BRIEF →
Your answer should consist only of the line with "Regata Infantil Masculina" and the lines after it, reproduced exactly through the end of the entries below.

[Short descriptive text snippets]
[Start of Attachment]
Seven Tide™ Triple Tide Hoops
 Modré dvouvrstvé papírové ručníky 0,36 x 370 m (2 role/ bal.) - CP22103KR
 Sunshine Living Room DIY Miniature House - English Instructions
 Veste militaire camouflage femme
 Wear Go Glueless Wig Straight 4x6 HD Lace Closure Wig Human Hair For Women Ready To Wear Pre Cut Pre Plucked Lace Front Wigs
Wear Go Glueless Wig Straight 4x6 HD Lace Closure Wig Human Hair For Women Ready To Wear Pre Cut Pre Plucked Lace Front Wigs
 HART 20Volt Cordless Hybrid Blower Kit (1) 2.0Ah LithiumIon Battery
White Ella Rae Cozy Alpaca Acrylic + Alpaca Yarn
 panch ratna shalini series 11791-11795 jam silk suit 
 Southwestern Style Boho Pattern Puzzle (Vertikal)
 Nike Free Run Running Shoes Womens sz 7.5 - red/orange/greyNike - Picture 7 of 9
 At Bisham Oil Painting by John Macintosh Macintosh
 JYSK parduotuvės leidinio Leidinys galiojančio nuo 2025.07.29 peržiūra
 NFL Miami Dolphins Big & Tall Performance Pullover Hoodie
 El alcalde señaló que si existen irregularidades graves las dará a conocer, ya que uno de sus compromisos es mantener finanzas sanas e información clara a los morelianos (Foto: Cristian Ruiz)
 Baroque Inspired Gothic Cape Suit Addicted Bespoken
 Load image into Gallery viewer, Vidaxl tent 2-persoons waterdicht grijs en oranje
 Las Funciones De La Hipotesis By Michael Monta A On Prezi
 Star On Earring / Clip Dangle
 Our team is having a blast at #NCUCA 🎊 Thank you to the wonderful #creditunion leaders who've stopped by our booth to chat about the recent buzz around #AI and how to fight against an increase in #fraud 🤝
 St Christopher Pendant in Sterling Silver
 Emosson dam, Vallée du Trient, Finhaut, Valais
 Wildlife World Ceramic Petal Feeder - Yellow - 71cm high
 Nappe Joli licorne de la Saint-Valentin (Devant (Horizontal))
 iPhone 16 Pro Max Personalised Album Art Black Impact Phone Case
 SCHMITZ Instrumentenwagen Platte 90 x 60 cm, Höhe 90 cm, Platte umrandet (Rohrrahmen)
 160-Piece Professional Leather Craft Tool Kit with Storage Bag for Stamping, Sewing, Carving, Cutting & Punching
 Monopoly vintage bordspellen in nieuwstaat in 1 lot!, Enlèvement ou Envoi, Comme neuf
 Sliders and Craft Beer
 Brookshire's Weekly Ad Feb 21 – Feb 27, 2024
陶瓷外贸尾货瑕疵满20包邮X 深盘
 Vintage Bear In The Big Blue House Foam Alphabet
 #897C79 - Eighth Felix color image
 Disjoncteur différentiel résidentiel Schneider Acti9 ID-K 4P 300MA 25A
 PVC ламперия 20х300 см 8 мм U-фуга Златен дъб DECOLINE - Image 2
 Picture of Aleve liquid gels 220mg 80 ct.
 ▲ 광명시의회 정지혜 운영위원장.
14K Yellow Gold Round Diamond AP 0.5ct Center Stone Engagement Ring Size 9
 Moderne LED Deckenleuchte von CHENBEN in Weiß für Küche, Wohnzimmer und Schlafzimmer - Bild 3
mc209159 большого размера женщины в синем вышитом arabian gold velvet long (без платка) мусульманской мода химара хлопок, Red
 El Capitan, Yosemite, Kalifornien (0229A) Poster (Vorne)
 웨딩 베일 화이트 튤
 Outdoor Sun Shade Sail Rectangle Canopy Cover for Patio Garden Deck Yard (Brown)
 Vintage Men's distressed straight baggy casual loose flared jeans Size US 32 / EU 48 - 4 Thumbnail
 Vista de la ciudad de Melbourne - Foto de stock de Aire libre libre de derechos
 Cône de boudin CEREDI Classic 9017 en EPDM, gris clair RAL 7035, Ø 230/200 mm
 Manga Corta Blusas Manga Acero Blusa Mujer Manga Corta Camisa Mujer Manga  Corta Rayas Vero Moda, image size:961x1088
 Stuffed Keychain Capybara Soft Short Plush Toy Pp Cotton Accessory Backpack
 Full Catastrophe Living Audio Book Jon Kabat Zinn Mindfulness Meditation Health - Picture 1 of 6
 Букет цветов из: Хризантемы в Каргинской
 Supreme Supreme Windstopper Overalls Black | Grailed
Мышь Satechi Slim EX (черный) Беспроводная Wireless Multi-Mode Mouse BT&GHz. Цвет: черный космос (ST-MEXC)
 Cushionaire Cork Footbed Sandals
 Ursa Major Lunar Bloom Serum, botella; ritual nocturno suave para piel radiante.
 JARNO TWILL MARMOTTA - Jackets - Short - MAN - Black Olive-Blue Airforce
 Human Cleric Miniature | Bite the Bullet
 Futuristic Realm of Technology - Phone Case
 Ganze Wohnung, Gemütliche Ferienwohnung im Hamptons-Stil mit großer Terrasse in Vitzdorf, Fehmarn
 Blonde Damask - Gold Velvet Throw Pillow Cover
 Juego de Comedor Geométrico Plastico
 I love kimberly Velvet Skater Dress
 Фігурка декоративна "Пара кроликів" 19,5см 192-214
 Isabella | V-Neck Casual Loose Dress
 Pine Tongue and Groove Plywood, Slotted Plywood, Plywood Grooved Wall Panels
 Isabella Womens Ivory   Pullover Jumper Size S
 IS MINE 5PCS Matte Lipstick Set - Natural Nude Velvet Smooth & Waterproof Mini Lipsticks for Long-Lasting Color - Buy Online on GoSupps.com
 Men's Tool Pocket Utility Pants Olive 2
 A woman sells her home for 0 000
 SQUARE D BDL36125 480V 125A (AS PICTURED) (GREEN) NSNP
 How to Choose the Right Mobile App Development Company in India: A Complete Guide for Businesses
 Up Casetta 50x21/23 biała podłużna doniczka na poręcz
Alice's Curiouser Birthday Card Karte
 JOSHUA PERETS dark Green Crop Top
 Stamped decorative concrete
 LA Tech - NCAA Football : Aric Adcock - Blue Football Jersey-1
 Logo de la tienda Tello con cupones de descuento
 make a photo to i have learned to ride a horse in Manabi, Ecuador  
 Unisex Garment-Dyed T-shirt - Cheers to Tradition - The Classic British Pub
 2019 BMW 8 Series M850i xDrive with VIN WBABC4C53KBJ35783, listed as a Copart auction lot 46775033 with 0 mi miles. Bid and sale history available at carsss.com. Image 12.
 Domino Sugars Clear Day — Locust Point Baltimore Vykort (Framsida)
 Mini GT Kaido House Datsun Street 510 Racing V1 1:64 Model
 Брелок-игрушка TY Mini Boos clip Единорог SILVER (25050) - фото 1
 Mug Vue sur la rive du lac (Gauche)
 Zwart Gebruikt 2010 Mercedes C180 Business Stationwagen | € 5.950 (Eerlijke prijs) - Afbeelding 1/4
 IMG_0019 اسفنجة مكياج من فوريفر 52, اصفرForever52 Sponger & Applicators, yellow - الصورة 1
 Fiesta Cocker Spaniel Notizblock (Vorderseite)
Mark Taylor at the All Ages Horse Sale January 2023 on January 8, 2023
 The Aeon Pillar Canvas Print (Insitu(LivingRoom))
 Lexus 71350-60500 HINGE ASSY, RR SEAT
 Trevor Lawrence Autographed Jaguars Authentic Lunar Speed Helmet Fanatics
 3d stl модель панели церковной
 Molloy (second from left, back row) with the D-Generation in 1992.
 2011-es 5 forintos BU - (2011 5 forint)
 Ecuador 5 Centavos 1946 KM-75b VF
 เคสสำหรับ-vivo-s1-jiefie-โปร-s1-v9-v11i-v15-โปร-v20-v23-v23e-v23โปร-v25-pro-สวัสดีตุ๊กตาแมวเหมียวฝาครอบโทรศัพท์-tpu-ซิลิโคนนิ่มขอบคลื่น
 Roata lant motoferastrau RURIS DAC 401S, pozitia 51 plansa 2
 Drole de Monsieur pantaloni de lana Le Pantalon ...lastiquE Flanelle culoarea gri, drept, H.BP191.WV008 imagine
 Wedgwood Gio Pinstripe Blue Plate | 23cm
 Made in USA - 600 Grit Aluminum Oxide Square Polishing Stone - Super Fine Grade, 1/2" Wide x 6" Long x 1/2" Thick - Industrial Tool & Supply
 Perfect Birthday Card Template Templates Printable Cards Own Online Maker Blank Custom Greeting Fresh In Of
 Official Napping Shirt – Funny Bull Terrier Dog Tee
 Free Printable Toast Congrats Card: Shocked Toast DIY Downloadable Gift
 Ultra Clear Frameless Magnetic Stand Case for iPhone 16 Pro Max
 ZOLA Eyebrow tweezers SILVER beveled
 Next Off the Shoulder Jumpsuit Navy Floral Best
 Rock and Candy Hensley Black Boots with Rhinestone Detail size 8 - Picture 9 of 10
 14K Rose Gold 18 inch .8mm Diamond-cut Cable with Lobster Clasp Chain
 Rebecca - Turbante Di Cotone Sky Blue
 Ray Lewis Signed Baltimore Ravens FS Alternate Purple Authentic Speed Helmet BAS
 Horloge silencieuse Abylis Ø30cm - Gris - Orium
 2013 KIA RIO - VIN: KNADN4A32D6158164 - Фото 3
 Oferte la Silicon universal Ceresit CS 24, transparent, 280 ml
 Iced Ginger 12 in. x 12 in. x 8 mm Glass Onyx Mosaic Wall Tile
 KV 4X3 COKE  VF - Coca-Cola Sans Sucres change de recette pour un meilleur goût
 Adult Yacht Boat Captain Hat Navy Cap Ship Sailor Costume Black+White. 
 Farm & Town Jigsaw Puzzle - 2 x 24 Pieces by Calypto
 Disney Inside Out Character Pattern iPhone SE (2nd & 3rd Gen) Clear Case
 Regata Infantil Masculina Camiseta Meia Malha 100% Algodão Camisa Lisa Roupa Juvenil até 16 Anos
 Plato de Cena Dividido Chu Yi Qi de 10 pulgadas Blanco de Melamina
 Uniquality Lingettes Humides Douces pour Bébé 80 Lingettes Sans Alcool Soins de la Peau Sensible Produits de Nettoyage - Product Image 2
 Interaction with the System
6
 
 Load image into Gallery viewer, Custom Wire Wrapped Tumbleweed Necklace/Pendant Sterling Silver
[End of Attachment]
SOLUTION →
 Regata Infantil Masculina Camiseta Meia Malha 100% Algodão Camisa Lisa Roupa Juvenil até 16 Anos
 Plato de Cena Dividido Chu Yi Qi de 10 pulgadas Blanco de Melamina
 Uniquality Lingettes Humides Douces pour Bébé 80 Lingettes Sans Alcool Soins de la Peau Sensible Produits de Nettoyage - Product Image 2
 Interaction with the System
6
 
 Load image into Gallery viewer, Custom Wire Wrapped Tumbleweed Necklace/Pendant Sterling Silver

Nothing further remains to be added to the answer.